OP – Déjà, répétons-le, l’Europe ne renonce pas à l’ESG, elle adapte un peu sa démarche, de façon plus pragmatique, plus concrète, moins excessivement normative. Cela étant, on l’a compris, le simple bon sens inspiré par la phrase de l’ex-Secrétaire général des Nations Unies Ban Ki Moon, « il n’y a pas de plan B car il n’y a pas de planète B » ne suffit pas à convaincre les Ayatollahs d’un libéralisme sauvage de marché qui minore voire exclue les éléments extra-financiers. Si le bon sens ne suffit pas, une des clés (désolé, assez « trumpienne »), c’est de créer un rapport de force. En d’autres termes, l’Europe doit déjà avancer unie – ce qui n’est pas toujours le cas -, et si possible ne pas avancer seule.

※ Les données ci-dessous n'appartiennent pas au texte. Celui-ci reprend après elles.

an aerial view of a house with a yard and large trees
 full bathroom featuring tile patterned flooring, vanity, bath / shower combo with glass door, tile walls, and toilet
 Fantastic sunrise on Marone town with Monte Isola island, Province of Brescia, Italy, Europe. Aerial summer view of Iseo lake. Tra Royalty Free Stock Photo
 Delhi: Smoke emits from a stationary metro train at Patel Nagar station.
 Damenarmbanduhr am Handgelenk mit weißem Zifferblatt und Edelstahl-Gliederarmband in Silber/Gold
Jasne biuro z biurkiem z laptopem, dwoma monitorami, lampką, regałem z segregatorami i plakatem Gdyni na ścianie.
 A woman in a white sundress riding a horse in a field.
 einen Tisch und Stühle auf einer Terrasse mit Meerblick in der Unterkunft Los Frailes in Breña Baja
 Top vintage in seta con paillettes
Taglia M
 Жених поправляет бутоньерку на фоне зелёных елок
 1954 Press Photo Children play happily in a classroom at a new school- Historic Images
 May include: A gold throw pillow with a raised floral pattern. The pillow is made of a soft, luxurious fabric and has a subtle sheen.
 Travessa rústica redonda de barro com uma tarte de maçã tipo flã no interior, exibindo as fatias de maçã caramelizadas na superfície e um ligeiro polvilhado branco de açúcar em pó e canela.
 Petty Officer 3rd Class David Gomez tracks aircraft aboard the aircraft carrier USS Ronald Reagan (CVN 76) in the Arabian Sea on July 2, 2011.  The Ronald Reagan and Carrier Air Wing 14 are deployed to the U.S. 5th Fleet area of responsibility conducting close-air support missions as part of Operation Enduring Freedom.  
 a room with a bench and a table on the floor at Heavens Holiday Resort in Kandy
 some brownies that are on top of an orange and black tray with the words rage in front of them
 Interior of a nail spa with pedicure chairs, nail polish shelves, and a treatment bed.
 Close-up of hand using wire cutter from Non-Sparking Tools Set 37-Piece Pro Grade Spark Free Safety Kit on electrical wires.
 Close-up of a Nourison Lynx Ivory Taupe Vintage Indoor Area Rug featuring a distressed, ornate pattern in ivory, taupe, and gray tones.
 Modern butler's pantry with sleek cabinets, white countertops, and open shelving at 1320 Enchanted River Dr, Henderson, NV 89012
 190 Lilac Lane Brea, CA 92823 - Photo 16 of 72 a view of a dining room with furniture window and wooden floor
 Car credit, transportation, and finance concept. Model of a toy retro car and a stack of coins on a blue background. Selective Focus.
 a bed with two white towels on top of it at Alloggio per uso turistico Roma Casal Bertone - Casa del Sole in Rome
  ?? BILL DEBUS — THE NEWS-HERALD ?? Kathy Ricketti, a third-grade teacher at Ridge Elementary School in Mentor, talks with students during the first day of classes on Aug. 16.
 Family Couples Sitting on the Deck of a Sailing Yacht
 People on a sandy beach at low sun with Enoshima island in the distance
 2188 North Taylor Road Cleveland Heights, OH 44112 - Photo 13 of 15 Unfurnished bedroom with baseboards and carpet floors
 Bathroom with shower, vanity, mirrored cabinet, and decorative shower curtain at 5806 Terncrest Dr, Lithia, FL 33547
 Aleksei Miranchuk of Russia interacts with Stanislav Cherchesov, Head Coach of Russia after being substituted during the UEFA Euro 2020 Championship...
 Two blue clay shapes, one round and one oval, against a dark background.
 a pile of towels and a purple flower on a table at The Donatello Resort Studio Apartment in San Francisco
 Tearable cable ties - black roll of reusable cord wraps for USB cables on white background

Chacun à sa façon, mais c’est un sujet qui peut générer des ponts avec l’Asie, l’Inde voire la Chine sur certains aspects environnementaux (moins bien sûr sur les sujets sociaux ou de gouvernance « démocratique ») et même avec d’autres acteurs, historiquement proches des Etats-Unis et dont la Maison-Blanche s’éloigne comme le Canada ou le Royaume-Uni. Ces liens à tisser le seront d’autant plus facilement que sous la pression, l’Union européenne revoit un peu sa copie pour la rendre plus digeste et plus applicable.
Ce qu’il faudrait éviter, c’est une situation comme on l’a connue sur la comptabilité avec des normes internationales, IFRS, non appliquées aux Etats-Unis qui, eux fonctionnent en US GAAP (United States Generally Accepted Accounting Principles).
Ensuite, et en étant optimiste, on peut aussi se dire que les acteurs court-termistes vont peut-être finir par se faire « rattraper par la patrouille » et que les marchés vont commencer à sanctionner les acteurs les moins vertueux, par exemple les entreprises énergétiques, du « Oil and Gas » qui n’ont pas amorcé une réelle transformation et une diversification vers les énergies renouvelables ou nucléaires, moins émettrices de CO2. Cela peut paraître une vision un peu angélique mais les marchés sont pragmatiques et finissent toujours par sanctionner les situations destructrices de valeur. Mais c’est vrai, leur prise de conscience prend souvent un peu de temps.